• _TASK GOAL_
Output exactly, in the material below, the lines from the one with "Dior round neck flocking print T-shirt" through the one with "Twin XL/Full XL/Queen Triple". Omit all pictures.

++++ MATERIAL PROVIDED ++++

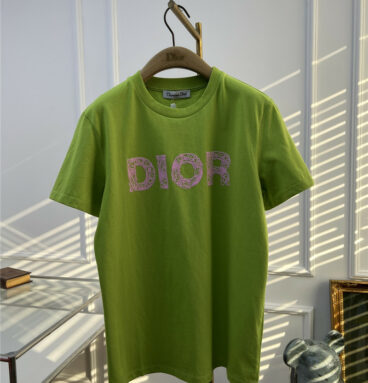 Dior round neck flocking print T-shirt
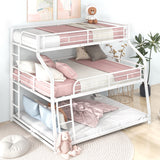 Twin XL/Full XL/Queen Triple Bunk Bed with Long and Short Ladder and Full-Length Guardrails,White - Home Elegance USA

++++
++++ MATERIAL PROVIDED ++++

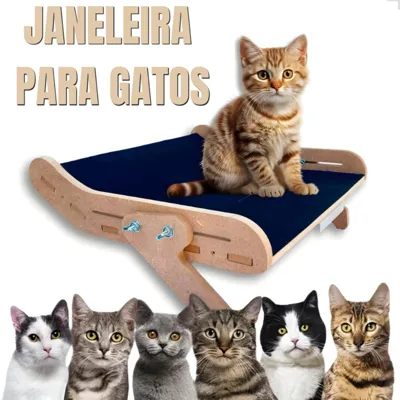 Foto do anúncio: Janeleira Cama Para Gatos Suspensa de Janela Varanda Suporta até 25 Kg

++++
++++ MATERIAL PROVIDED ++++

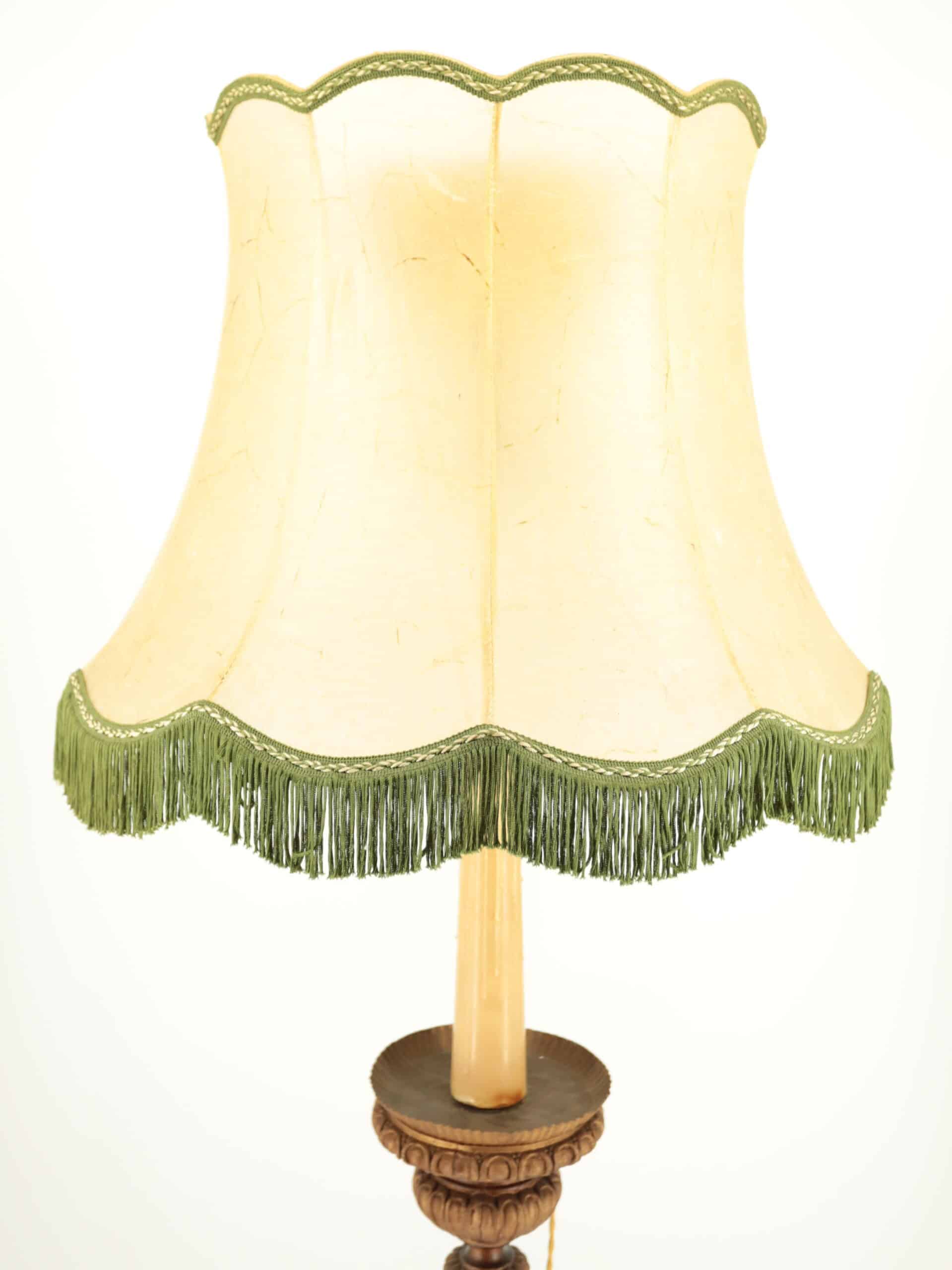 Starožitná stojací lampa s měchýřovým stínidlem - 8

++++

• _OUTPUT FOR THIS TASK_
 Dior round neck flocking print T-shirt
 Twin XL/Full XL/Queen Triple Bunk Bed with Long and Short Ladder and Full-Length Guardrails,White - Home Elegance USA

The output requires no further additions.